Since December, more than 37,000 people, mostly wives and children of jihadist fighters, have fled out into SDF-held areas, the Observatory says.
That figure includes some 3,400 suspected jihadists detained by the SDF, according to the monitor, which relies on sources inside Syria for its information.
The SDF holds hundreds of foreigners accused of belonging to the extremist group in its custody, as well as members of their families.
They have urged Western governments to repatriate their nationals, but politicians abroad have been reluctant.
Relatives at home fear alleged foreign jihadists may end up facing tough justice in Iraq instead, where Human Rights Watch warned they could face "torture and unfair trials".
The issue of jihadist repatriation has come into sharper focus since the United States in December announced its military withdrawal from Syria.
That announcement has seen the Kurds warn they may struggle to keep jihadists in jail, and pushed them to seek a new ally in the Damascus regime to prevent a long threatened Turkish offensive.

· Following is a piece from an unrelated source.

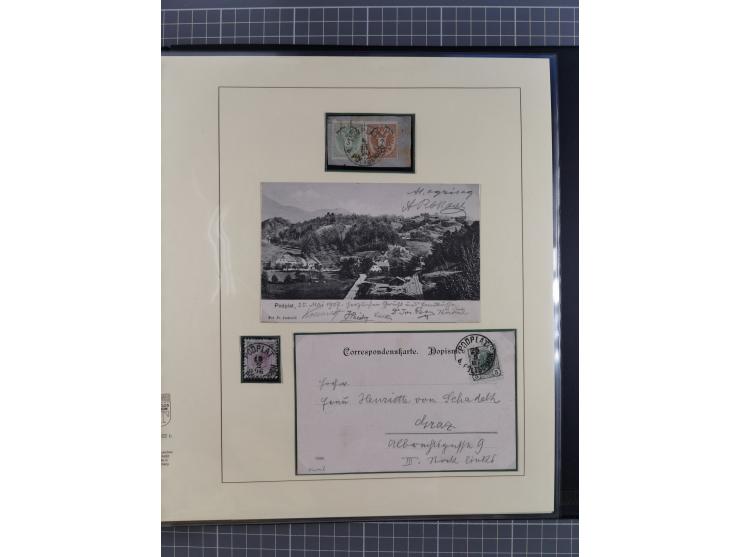 1870/1913 (ca.), umfangreiche aufgezogene Heimat-Sammlung “Herzogtum Steiermark (Styria)”, Bruck bis Windischgraz, mit über 1
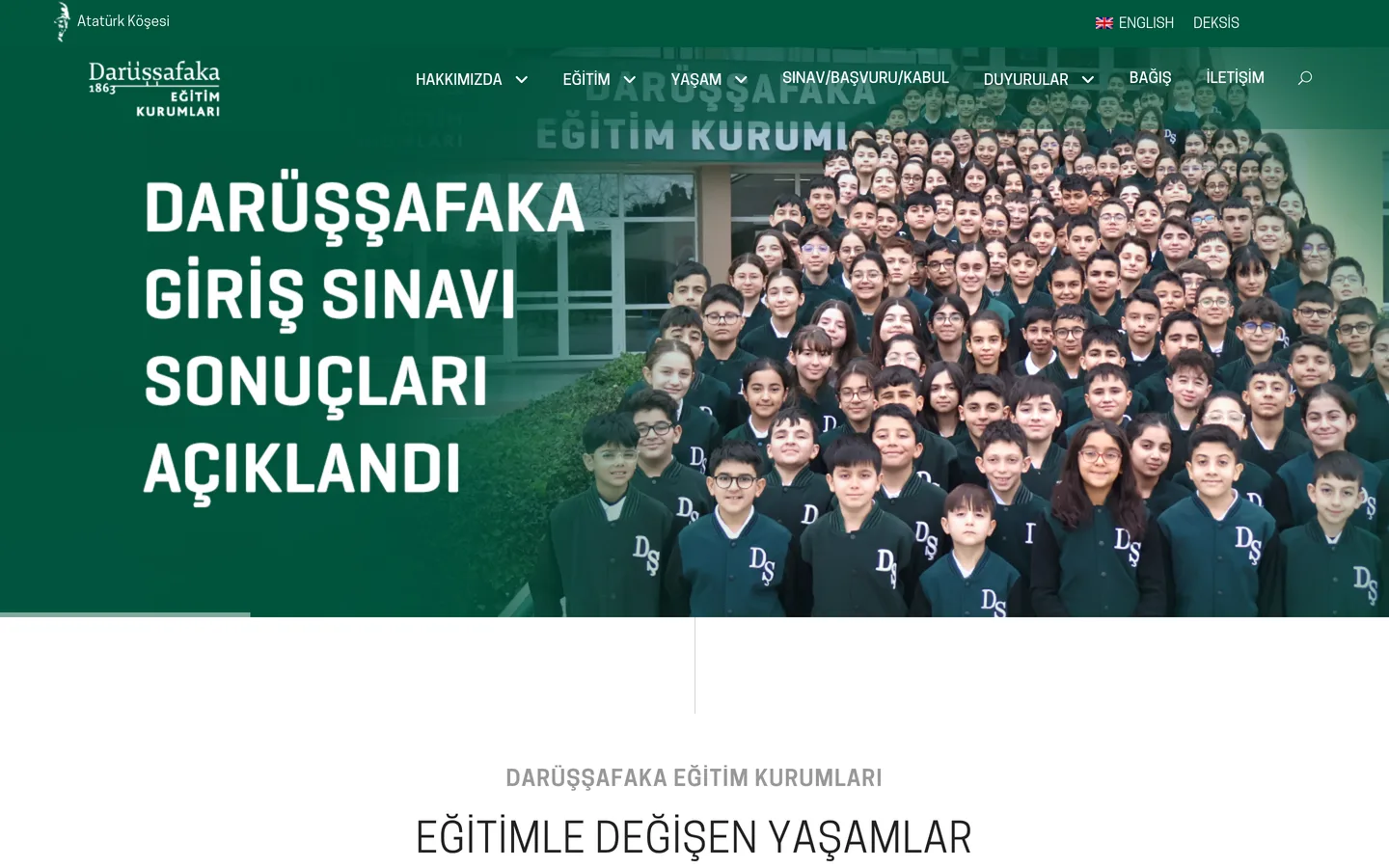Darüşşafaka Eğitim Kurumları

While the Kurdish People's Protection Units (YPG) have been a key US ally in the fight against IS, Ankara views them as "terrorists".
Syria's Kurds have largely stayed out of the country's civil war, instead building semi-autonomous institutions in northern and northeastern regions they control.
Syria's conflict has killed more than 360,000 people and displaced millions since erupting eight years ago after a brutal crackdown of anti-government protests.
Rebels and jihadists seized large parts of the country in the first years of the war.
But President Bashar al-Assad's regime has made a military comeback with Russian military support since 2015, and now holds almost two-thirds of the country.
SDF-held areas make up a third of the whole country, and Damascus has repeatedly said it would eventually see them revert to government control.